12 Metaph. Γ. iii. p. 1005, b. 7, 17, 22, 34: αὕτη δὴ πασῶν ἐστὶ βεβαιοτάτη τῶν ἀρχῶν — φύσει γὰρ ἀρχὴ καὶ τῶν ἄλλων ἀξιωμάτων αὕτη πάντων. — p. 1011, b. 13: βεβαιοτάτη δόξα πασῶν τὸ μὴ εἶναι ἀληθεῖς ἅμα τὰς ἀντικειμένας φάσεις — (He here applies the term δόξα to designate this fundamental maxim. This deserves notice, because of the antithesis, common with him elsewhere, between δόξα and ἐπιστήμη).

13 Metaph. Γ. iii. p. 1005, b. 13-14: γνωριμωτάτην — ἀνυπόθετον.

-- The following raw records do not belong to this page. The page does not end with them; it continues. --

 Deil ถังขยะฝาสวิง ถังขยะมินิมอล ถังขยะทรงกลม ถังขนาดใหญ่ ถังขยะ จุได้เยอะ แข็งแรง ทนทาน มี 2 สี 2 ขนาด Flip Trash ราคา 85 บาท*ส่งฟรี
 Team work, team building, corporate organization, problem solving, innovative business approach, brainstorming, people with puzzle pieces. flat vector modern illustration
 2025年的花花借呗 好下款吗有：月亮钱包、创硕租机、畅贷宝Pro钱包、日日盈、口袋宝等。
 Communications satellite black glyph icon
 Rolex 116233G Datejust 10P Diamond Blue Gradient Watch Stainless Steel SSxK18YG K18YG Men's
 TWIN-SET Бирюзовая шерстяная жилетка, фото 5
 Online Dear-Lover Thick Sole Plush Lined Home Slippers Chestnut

The Syllogism is defined by Aristotle as consisting of premisses and a conclusion: if the two propositions called premisses be granted as true, a third as conclusion must for that reason be granted as true also.14 The truth of the conclusion is affirmed conditionally on the truth of the premisses; and the rules of Syllogism set out those combinations of propositions in which such affirmation may be made legitimately. The rules of the Syllogism being thus the rules for such conditional affirmation, the Principle or Axiom thereof enunciates in the most general terms what is implied in all those rules, as essential to their validity. And, since the syllogistic or deductive process is applicable without exception to every variety of the Scibile, Aristotle considers the Axioms or Principles thereof to come under the investigation of Ontology or First Philosophy. Thus it is, that he introduces us to the Maxim of Contradiction, and its supplement or correlative, the Maxim of the Excluded Middle.

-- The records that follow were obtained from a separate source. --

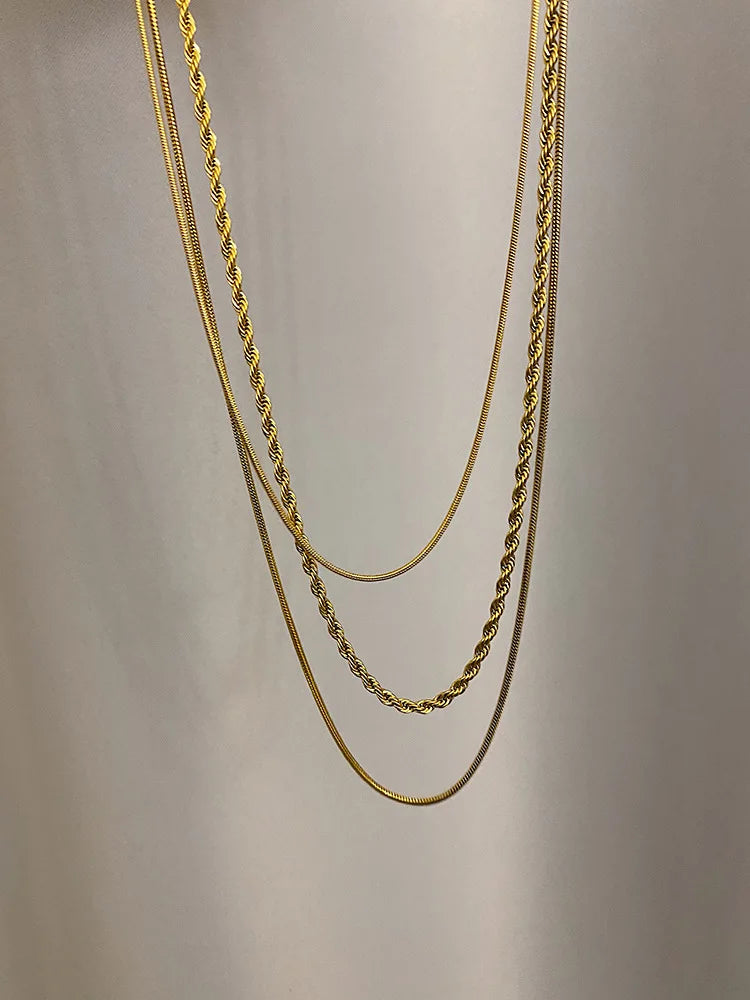 ViviBelle Layered Necklace Set 18K Gold Plated Titanium steel Chain Necklace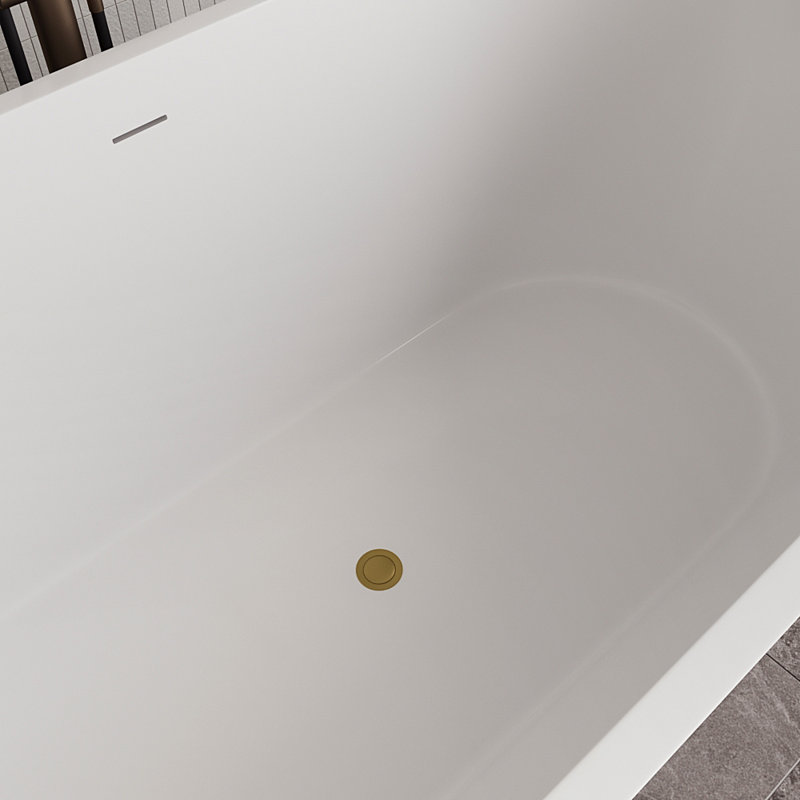 59" Streamline Soaking Freestanding Tub With Internal Drain, Brushed Gold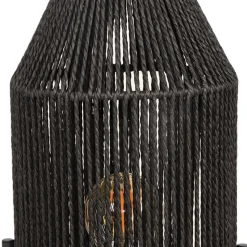 Schwarze Tischleuchte mit Jute-Schirm - Pandau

14 Analyt. Prior. I. i. p. 24, b. 18-20, et alib.

His vindication of these Axioms is very illustrative of the philosophy of his day. It cannot be too often impressed that he was the first either to formulate the precepts; or to ascend to the theory, of deductive reasoning; that he was the first to mark by appropriate terms the most important logical distinctions and characteristic attributes of propositions; that before his time, there was abundance of acute dialectic, but no attempt to set forth any critical scheme whereby the conclusions of such dialectic might be tested. Anterior to Sokrates, the cast of Grecian philosophy had been altogether either theological, or poetical, or physical, or at least some fusion of these three varieties into one. Sokrates was the first who broke ground for Logic — for testing the difference between good and bad ratiocination. He did this by enquiry as to the definition of general terms,15 and by dialectical exposure of the ignorance generally prevalent among those who familiarly used them. Plato in his Sokratic dialogues followed in the same negative track; opening up many instructive points of view respecting the erroneous tendencies by which reasoners were misled, but not attempting any positive systematic analysis, nor propounding any intelligible scheme of his own for correction or avoidance of the like. If Sokrates and Plato, both of them active in exposing ratiocinative error and confusion, stopped short of any wide logical theory, still less were the physical philosophers likely to supply that deficiency. Aristotle tells us that several of them controverted the Maxim of Contradiction.16 Herakleitus and his followers maintained the negative of it, distinctly and emphatically;17 while the disciples of Parmenides, though less pronounced in their negative, could not have admitted it as universally true. Even Plato must be reckoned among those who, probably without having clearly stated to himself the Maxim in its universal terms, declared doctrines quite incompatible with it: the Platonic Parmenides affords a conspicuous example of contradictory conclusions deduced by elaborate reasoning and declared to be both of them firmly established.18 Moreover, in the Sophistes,19 Plato explains the negative proposition as expressing what is different from that which is denied, but nothing beyond; an explanation which, if admitted, would set aside the Maxim of Contradiction as invalid.